Realistic System and Component Loads Prediction

With LMS Virtual.Lab, system loads can be generated through dynamic simulation, even before they can be measured on a physical prototype. Virtual driver sessions and road tests performed on a previously released vehicle form the basis of two distinctive simulation approaches.

Digital test track

During realistically simulated driver sessions, a virtual vehicle equipped with virtual tires, drives around over digital test tracks. Its tire models are capable of calculating the dynamic forces and moments acting on the spindles of the vehicle. LMS CDTire (Comfort – Durability) is a tire model that consists of physical entities such as masses, springs, dampers and sensor points. To keep processing times acceptable, the virtual tire is subdivided on macroscopic level, rather than with finite elements.
LMS CDTire supports:

  • 2D tire models with stiff ring (CDT20) or flexible ring (CDT30)
  • Complex full 3D tire model (CDT40) with a multiple flexible ring, suitable for any type of road surface.

Hybrid road

An alternative solution, pioneered by LMS, draws on a hybrid approach, which combines test-based loads with virtual simulations. It applies a new transformation methodology to accurately determine system loads, before they can be gained through measurement. It starts from wheel spindle loads measured on a previous model vehicle and converts these into wheel spindle displacements. The breakthrough of this approach is that these displacements are much less vehicle-dependent, since they are based on road surfaces, rather than on vehicle characteristics.

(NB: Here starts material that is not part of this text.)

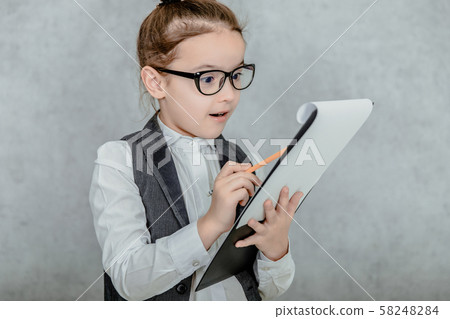 Little girl with a folder in her hands on a gray background. Dressed up as a business lady and Little girl with a folder in her hands on a gray background. Dressed up as a business lady and 58248284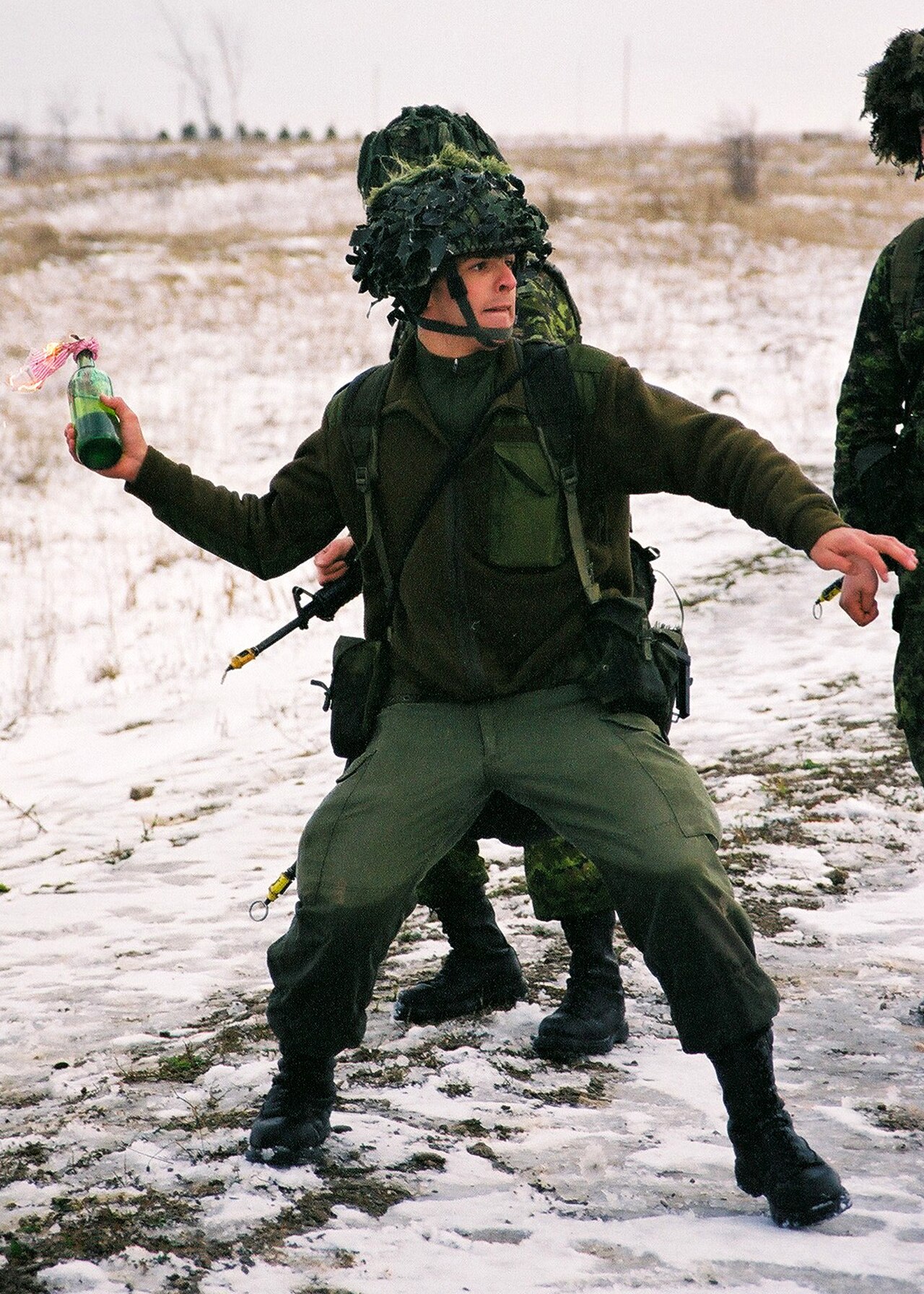 Canadian Forces soldier throwing Molotov cocktail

Accurately gaining dynamic component forces

The LMS Virtual.Lab Motion solver evolved from LMS DADS, which is widely renowned for its accuracy and inherent robustness and stability. It offers a vast choice of high-performance time-domain solvers for kinematic, transient dynamic, quasi-static and pre-load analysis. LMS Virtual.Lab Motion is capable of predicting true dynamic stresses and deformations by accurately taking mass effects and vibrations into account. Automatically generated Craig-Bampton cases enable FE analyses to be automatically driven. Top-speed is achieved by state-of-the-art reduction techniques. Modal participation factors are automatically made available to the downstream fatigue- life prediction analysis.

Delivering loads for early durability testing

Component loads retrieved from LMS Virtual.Lab Motion are not only used as input for virtual fatigue-life predictions, they are also very useful for driving physical durability tests. Realistic component loading and pre-information on critical locations signifi cantly improves the accuracy and effi ciency of component durability tests.